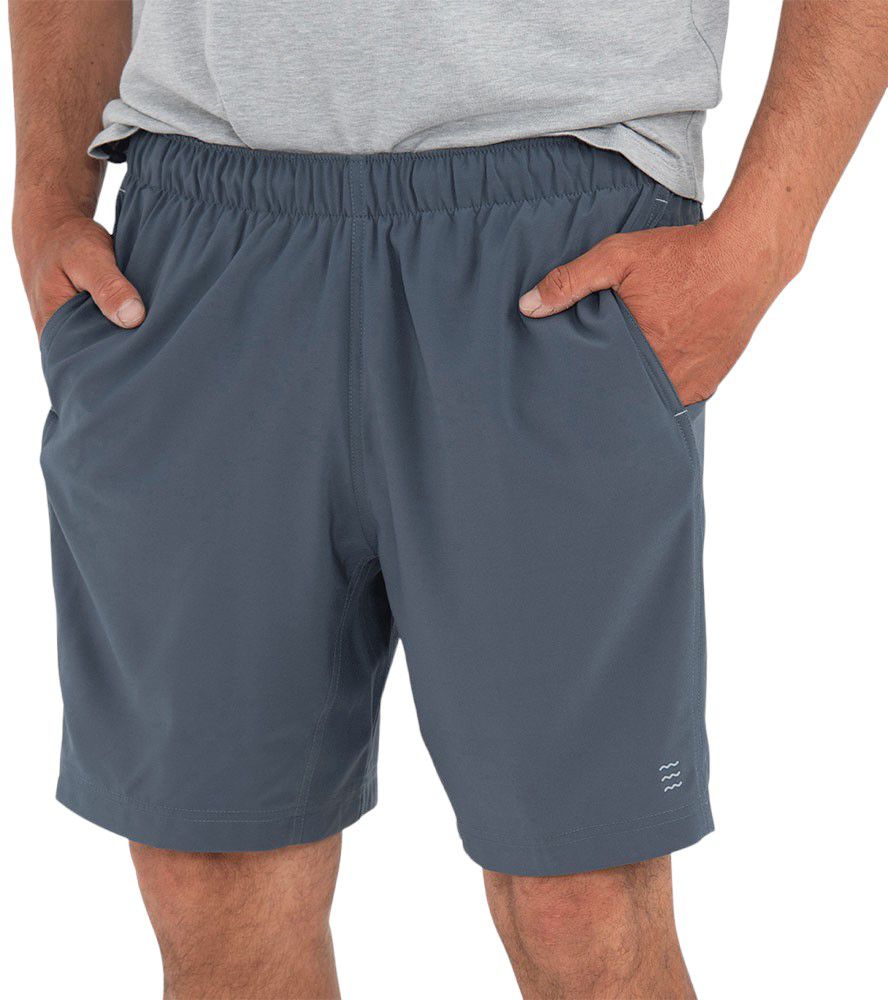 Free Fly Men's 6” Breeze Shorts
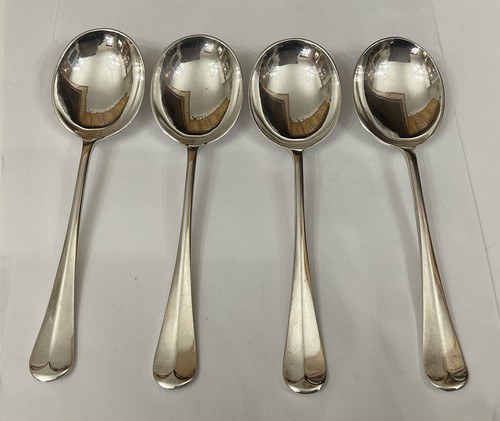 Vintage james dixon silver - james, x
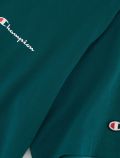 T-shirt manica corta sportiva Champion - verde - 2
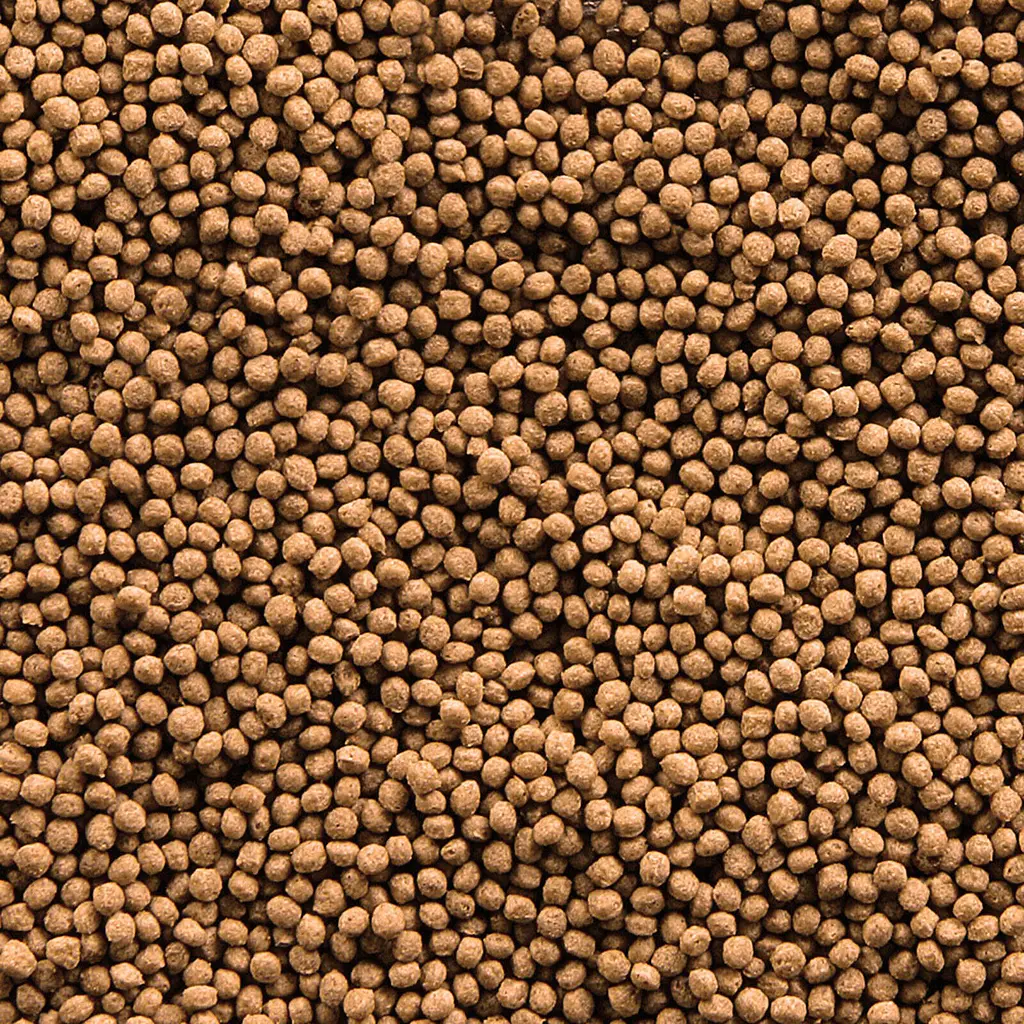 Корм для золотих риб Sera Goldy Gran Nature у гранулах 100 мл (30 г) 08617 - фото 2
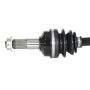 GSP 4103049 CV Axle Assembly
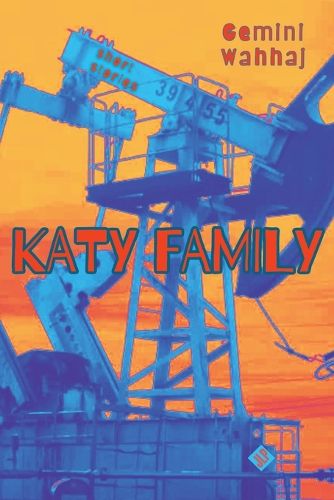 Cover image for Katy Family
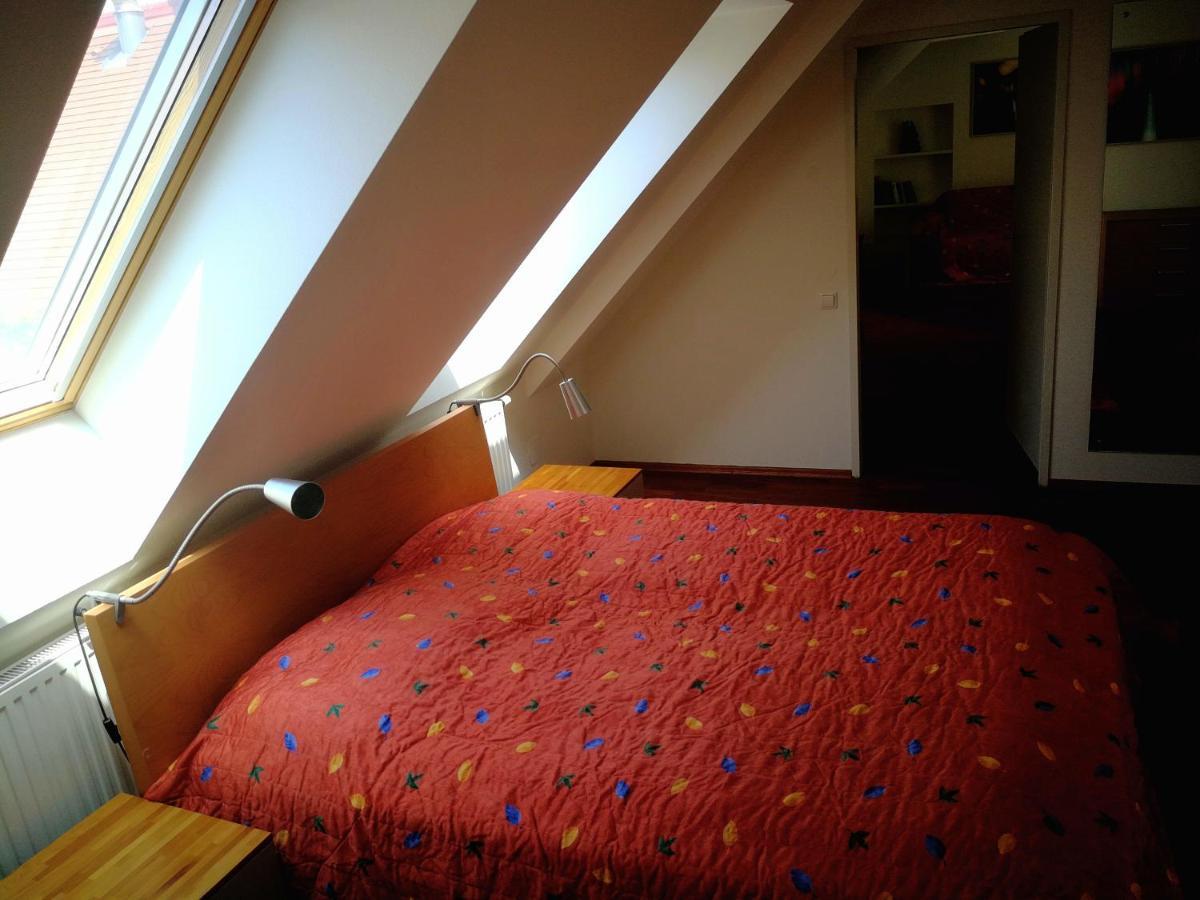 Schlossquadrat Apartment 16 ウィーン エクステリア 写真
• • • • •
__Exercise brief__. Give the data above back unchanged, except for the pictures.

__Answer section__.
 Free Fly Men's 6” Breeze Shorts
 Vintage james dixon silver - james, x
 T-shirt manica corta sportiva Champion - verde - 2
 Корм для золотих риб Sera Goldy Gran Nature у гранулах 100 мл (30 г) 08617 - фото 2
 GSP 4103049 CV Axle Assembly
 Cover image for Katy Family
 Schlossquadrat Apartment 16 ウィーン エクステリア 写真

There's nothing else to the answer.